En su magnífico trabajo Crisis de la República, Hannah Arendt desmenuza algunas de las confusiones que suelen embriagar a las personas públicas, las más de las veces por no comprender la esencia terrenal de sus mandatos, un vicio bastante arraigado entre los actores políticos y que el populismo –por su naturaleza personalista– suele agrandar hasta el paroxismo. Cuando alguien tiene que explicar que manda es porque en realidad no manda. Quien de verdad ejerce su autoridad, explica Arendt, suele ser aquel que posee la suficiente fortaleza como para hacer concesiones a sus oponentes. Charles de Gaulle –ilustra– pudo pacificar la Francia incendiada por la sublevación estudiantil de 1968 porque poseía la fuerza imprescindible para ceder ante sus adversarios.

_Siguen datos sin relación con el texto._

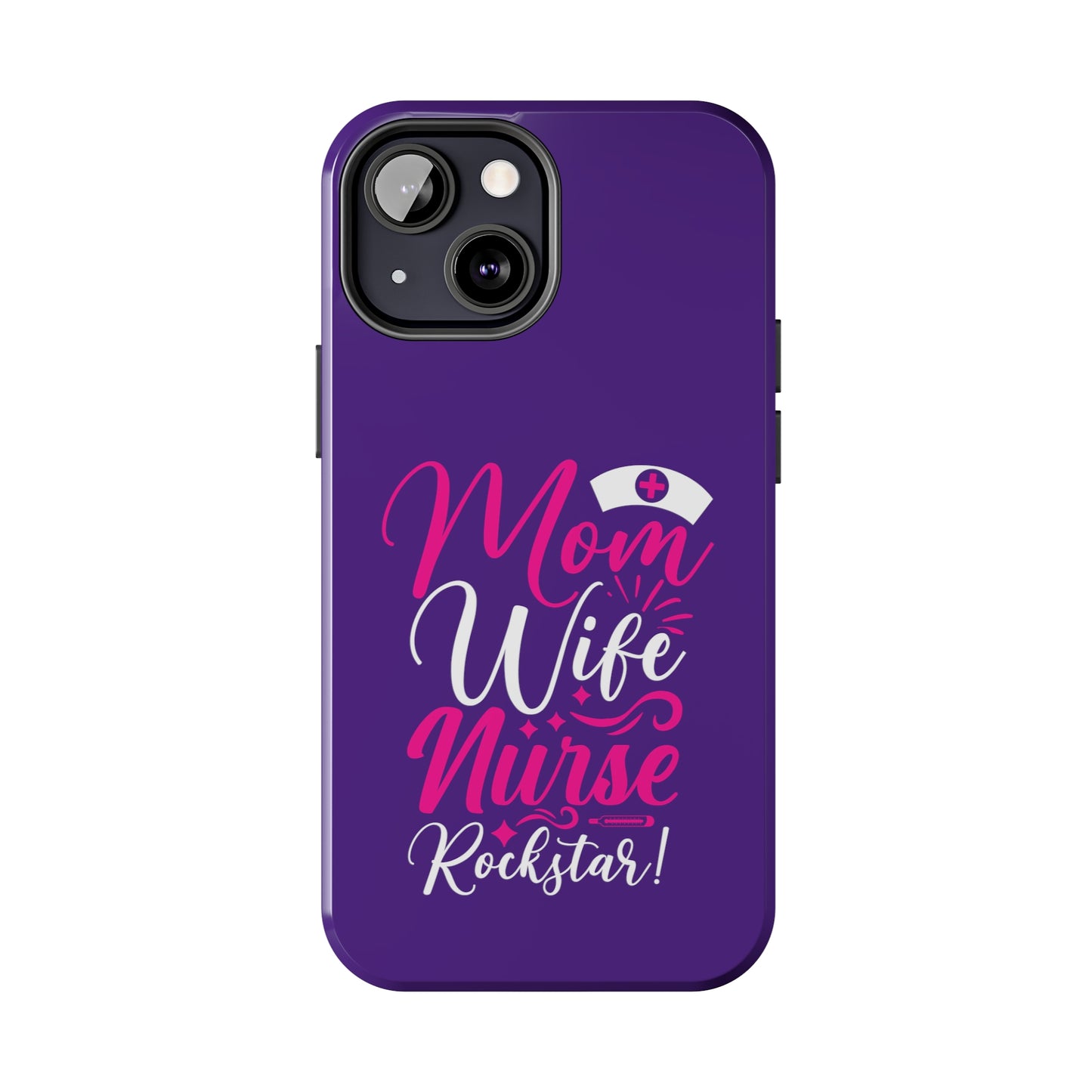 Blue iPhone case with graphic text "Mom, Wife, Nurse, Rockstar" in alternating pink and white. The word "Mom" is topped by an old style nurses' hat.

“El poder –explica la crítica discípula de Heidegger– nunca es propiedad de un individuo; pertenece a un grupo y continúa existiendo solo mientras el grupo se mantiene unido. Cuando decimos que alguien ‘está en el poder’ estamos diciendo que ha sido empoderado por un cierto número de personas para actuar en su nombre. En cuanto el grupo donde se origina el poder (potestas in populo, sin pueblo no hay poder) desaparece, ‘el poder’ (del que está en el poder) también se esfuma”.
Considerando estas premisas, ¿a quién representa entonces Alberto Fernández? ¿Cuál es el “grupo” que le da sustento hoy a su autoridad? ¿Con qué herramientas cuenta para instrumentar medidas creíbles para enfrentar el momento más dramático que le haya tocado soportar a la Argentina en este siglo?

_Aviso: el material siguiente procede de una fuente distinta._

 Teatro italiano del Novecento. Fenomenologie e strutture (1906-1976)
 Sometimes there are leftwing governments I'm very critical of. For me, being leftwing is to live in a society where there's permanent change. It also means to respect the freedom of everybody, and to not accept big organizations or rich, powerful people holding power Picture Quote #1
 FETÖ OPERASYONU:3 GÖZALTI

Más allá de cuestiones temperamentales del jefe del Estado, sus esporádicos exabruptos parecen ser reflejo de un trauma que sigue atravesando al país real: gobiernos sin potencia que se esterilizan porque se constituyen más sobre la base de la astucia y las apetencias electorales que construyendo legitimidad de cara a una sociedad plural. Votar es solo una de las herramientas –fundamental, por cierto– que la democracia posee como fuente de mandato popular. Pero la tentación hegemónica –que el populismo exacerba–, la negación de la diversidad de voces y representaciones, la pretensión de la nación uniforme conducen a estas patéticas expresiones de esterilidad.
El Gobierno se muerde la cola mientras pulveriza el crédito que la sociedad le ha dado a la política, arranca en su impotencia jirones al sistema representativo, lo degrada y lo pone en riesgo. La supuesta astucia táctica de Cristina Kirchner, artífice de esta ingeniería y quien más lesiona la estabilidad de Fernández, se estrella a diario contra la realidad de un presidente cada vez más limitado, mientras sus guardianes ideológicos practican el extraño juego de ser feroces antiopositores en lugar de razonables oficialistas.
“Conservar la autoridad requiere respeto hacia la persona o el puesto que ocupa. Por consiguiente, el mayor enemigo de la autoridad es el desprecio y la manera más segura de socavarla es la risa”.
Conviene escuchar a tiempo los consejos de Arendt.